Written by Ty Skyles, BS candidate, Brigham Young University; and participant in the 2024 Institute for Public Health Summer Research Program
We are living in the information age, and data is collected about everything. Institutions collect massive amounts of data about everything from our favorite food purchases to our most visited websites. These data help institutions make informed decisions and hospitals are no exception.

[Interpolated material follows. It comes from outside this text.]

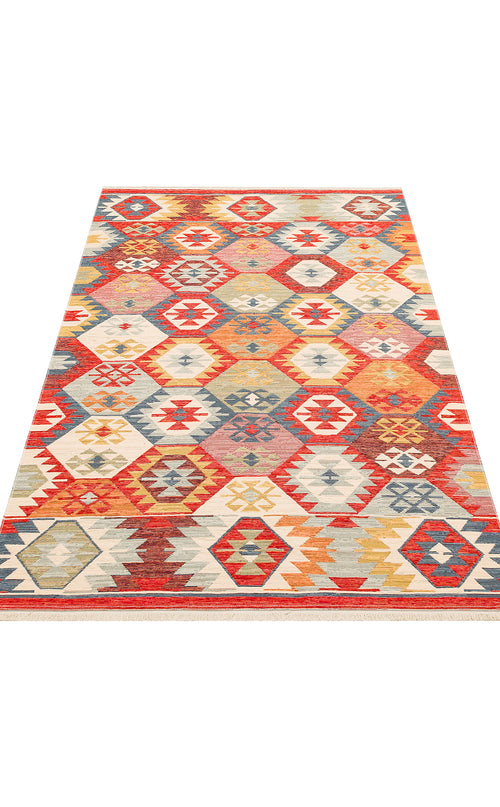 Bild 1 in Galerieansicht laden. The Ethnic Mix - Kilim - NMD01 rug features a vibrant geometric diamond pattern with subtle tribal motifs in red, yellow, blue, and cream on a white background.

Washington University collects massive amounts of health data to track the spread of disease, provide doctors good patient information, and conduct research. Researchers have been able to use big-data to gain important insights about causes, risks, and treatments for cancer, but in the research world, more is always better. Doctors record massive amounts of valuable data in their clinical notes, but it’s hard to use because computers can’t analyze narrative text. During my time in the Summer Research Program – RADIANCE Track, I have been working with Adam Wilcox, PhD, studying ways to use large language models to extract useful data from clinical notes and add it to a cancer registry.
Washington University has developed its own HIPAA secure version of ChatGPT 3.5, and it has potential to aid in clinical data extraction. It is able to analyze tens of thousands of notes in just a few hours with minimal cost. It would take a real person weeks to extract that much data. The only downside is that GPT is not nearly as accurate as a real person, but it is a lot cheaper. We have been testing the limits and learning how it can be used more accurately.
Our study has yielded interesting results. We have been able to read pathology notes for cancerous margins in samples with 95 percent accuracy. We have also been able to accurately interpret a patient’s pain with 93 percent accuracy. We also tried to use it to interpret radiology reports for tumors and it failed spectacularly. ChatGPT cannot interpret clinical notes perfectly in any circumstance, but there is an acceptable error rate for use in clinical research. In the next phase of our study we are going to use these data to improve the quality of cancer research.
In conclusion, there are a few obstacles to overcome, but large language models have tremendous potential to change the way we collect clinical data and do medical research.